JIIAフォーラム講演要旨

2007年11月19日
於:霞ヶ関ビル・プラザホール


ジェイミー・シェーNATO政策企画部長

「NATOの平和構築と復興支援の経験」

私は長年NATOにいたが、NATOを取り巻く状況は大きく変わった。第1に、地理概念が大きく変わった。NATOは当初ワルシャワ条約機構に対する集団防衛機構であったが、冷戦後の90年代は域外の旧ユーゴスラビア地域が主な作戦地域であった。そして現在は欧州地域を大きく超えてアフガニスタンやパキスタン、イラクにも展開している。第2に、任務の種類も大きく変わった。NATOの任務は冷戦時代には専ら領域防衛であったが、今日NATOの任務は幅広い安全保障の分野に拡散している。今日NATOは新しい安全保障の課題を抱えている。テロリズム、エネルギー安全保障、不拡散問題、サイバー防衛、大量の人の移動、さらには環境問題などである。NATOがこれまでに培ってきた軍事上の能力も依然重要であるが、NATOは新しい手段や能力を必要としている。

まず現在のNATOにとって最大の優先事項はアフガニスタンである。作戦が拡大し過ぎて過重な負担となっており、現地の世論やパキスタンの姿勢など、NATOのアフガニスタンでの活動はいくつかの制約がある。一方で国連の授権によるISAFの正当性や現地の支持、それから加盟国のほかに13カ国のパートナーが作戦に加わっていることや日本による貢献、タリバン掃討の軍事的成功など、NATOにとって有利な点もいくつかある。我々はアフガニスタンで成功するために現実的でなければならない。そのためには、アフガニスタン人のアフガニスタンを作ることが必要であり、まずアフガニスタン国軍のトレーニングを急がなければならない。経済の復興や不正の根絶のためにアフガニスタン政府に努力を促す必要がある。

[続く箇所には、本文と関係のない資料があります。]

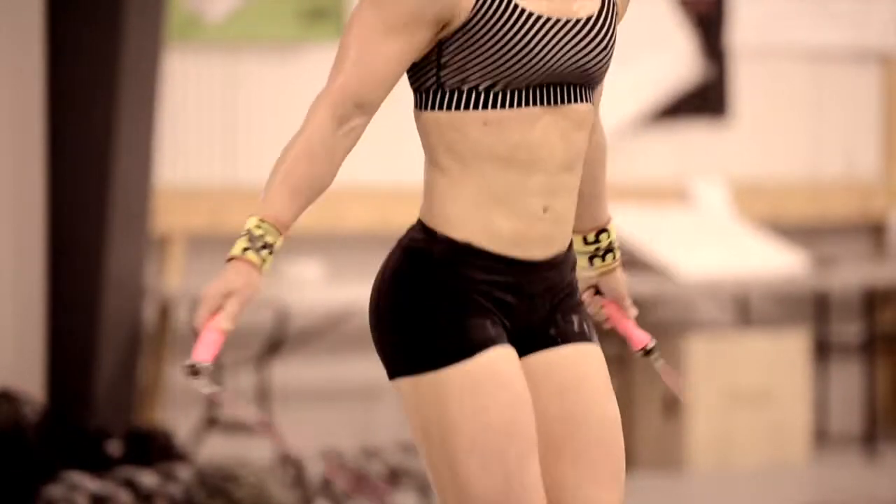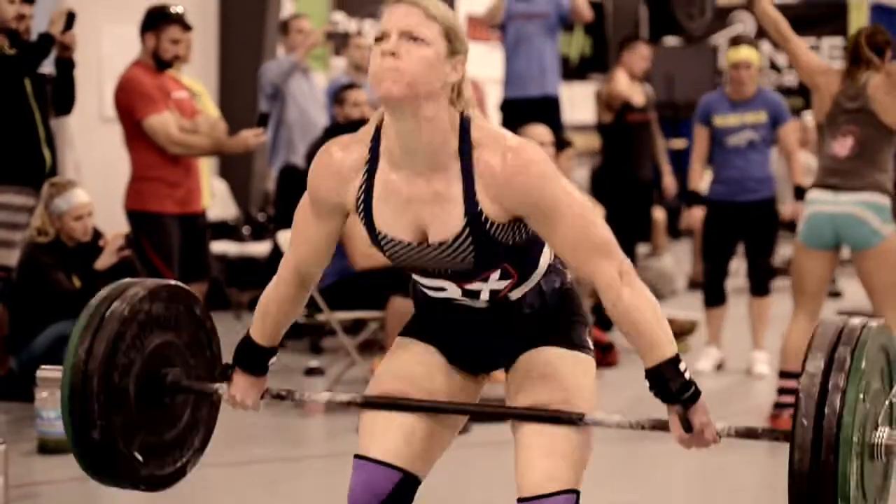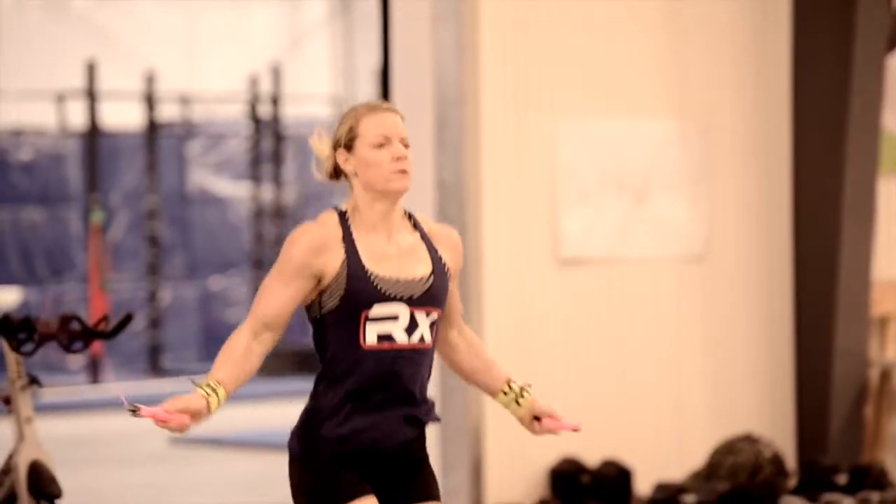I love the RX Jump Rope because of the ball bearing. I tend to stay really tense when I just move in CrossFit in general, and because it's so smooth, the handles are so smooth, it helps me to really stay relaxed and not burn out my shoulders. I'm April Lowe.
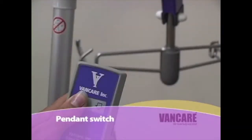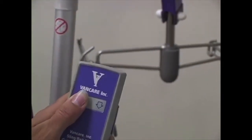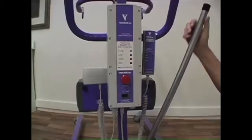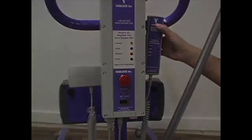The pendant switch. The pendant switch is used to raise and lower the lift. To raise the Vera 2, press on the up arrow. To lower the lift, press on the down arrow. The pendant switch attaches to the lift with a clip or magnetic base, allowing for multiple attachment points on the lift during operation.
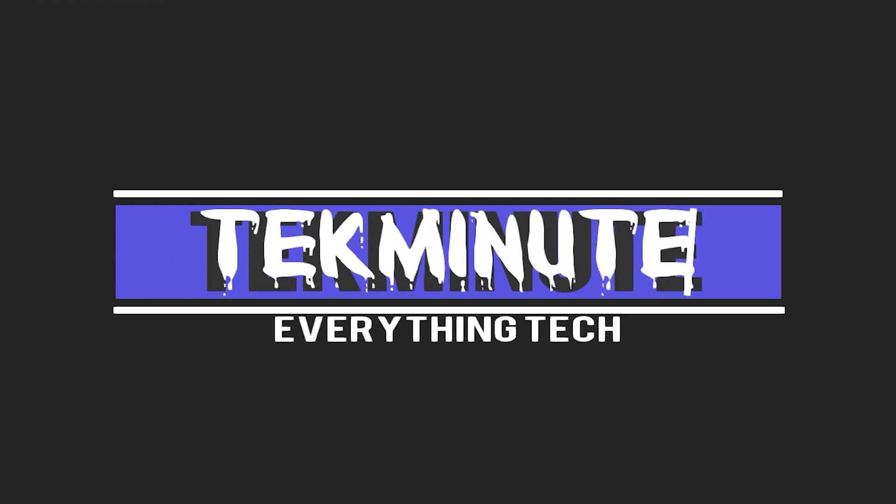I now have a Patreon and I would appreciate your support — link is in the description. First, a disclaimer: none of these prints are my own creations. I will put a link in the description to each print so you can check them out.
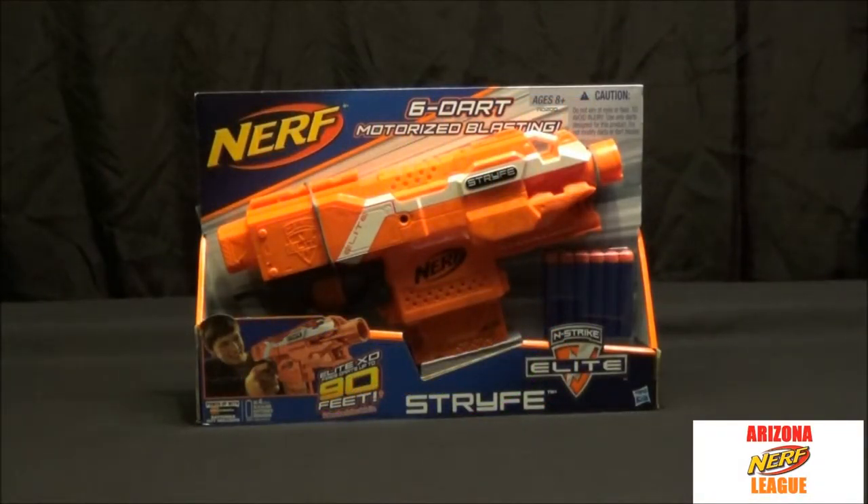Hi, this is Jason with Violator Comics Collectibles, coming at you with another tour review. This time we're taking a look at the Nerf N-Strike Elite Strafe. The first thing we're going to do is take a closer look at the packaging.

またタリバンを引き離し、国内の和解を進めなければならない。そして国連を尊重し活用するとともに、隣国パキスタンとの協力を促進しなければならない。それからISAFの長期的なローテーションの計画を作る必要がある。NATOの2番目の優先事項はバルカン半島である。まだ解決していないコソボの地位問題などである。これについては、2008年4月ブカレスト首脳会議でさらなる決定を出すことになるであろうが、コソボの安定を保ち、セルビア、ボスニア、モンテネグロに働きかけ、EUと連携を強めることで成功裡に対処していきたい。

 NATOはこれまでの活動を通じていくつかの教訓を得た。まず第1にNATOはもはや単独で成功することはできないということである。今日の安全保障の問題解決には軍事力だけでない包括的なアプローチ(comprehensive approach)が不可決である。他の国々や機関との協力が重要となっている。

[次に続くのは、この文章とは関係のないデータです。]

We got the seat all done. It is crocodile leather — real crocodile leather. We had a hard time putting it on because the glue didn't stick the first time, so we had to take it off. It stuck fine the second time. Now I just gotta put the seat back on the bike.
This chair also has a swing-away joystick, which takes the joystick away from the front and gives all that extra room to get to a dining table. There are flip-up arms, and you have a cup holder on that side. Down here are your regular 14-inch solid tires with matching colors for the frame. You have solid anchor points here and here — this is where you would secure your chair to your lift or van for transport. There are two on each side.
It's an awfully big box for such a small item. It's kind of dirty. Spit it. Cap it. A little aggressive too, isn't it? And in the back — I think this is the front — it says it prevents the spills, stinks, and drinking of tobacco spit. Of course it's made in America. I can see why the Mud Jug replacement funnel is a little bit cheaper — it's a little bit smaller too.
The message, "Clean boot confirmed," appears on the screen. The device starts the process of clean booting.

第2の教訓は、NATOはパートナーシップを発展させる必要があるということである。NATOは欧州のみならず世界にパートナーが存在する。我々はそれらの国々と様々なレベルでの交流をより頻繁により緊密なものにしていきたい。日本もNATOにとって非常に重要なパートナーである。憲法の問題など日本に複雑な国内事情があることは我々も承知しているが、日本のインド洋やアフガニスタンの地域復興支援チーム(PRT)などへの支援に我々は感謝している。我々の協力は柔軟で実用的なものであるべきで、制度化された協力関係が必要なのではない。重要なのはそれがうまく機能するかである。G8のメンバーであり、世界第6位の軍事予算による高度な軍事能力を持つ日本は世界の安全保障に貢献すべき国である。

第3の教訓は、NATOは加盟各国の安全保障の要請と、外部から求められる安全保障の要請との間でバランスを取ることである。我々は国連など国際社会の求めに応じて域外に展開するためだけの同盟であるわけにはいかない。各加盟国が抱える安全保障の関心にも応える必要がある。防衛を領域防衛のみで考えるのではなく国民自身を守るという考え方が求められる今日、我々はNATO条約第5条(集団防衛条項)の意味をもう一度考えなければならない。
何もしないで永続する民主的な平和というものはない。我々の軍隊は既に広く展開し過ぎているが、我々の軍隊への要請は増え続けている。課題は容易ではないが、もしNATOと日本が協力すれば、欧州の平和もアジア太平洋の平和も保障できるような国際秩序を構築することができると信じている。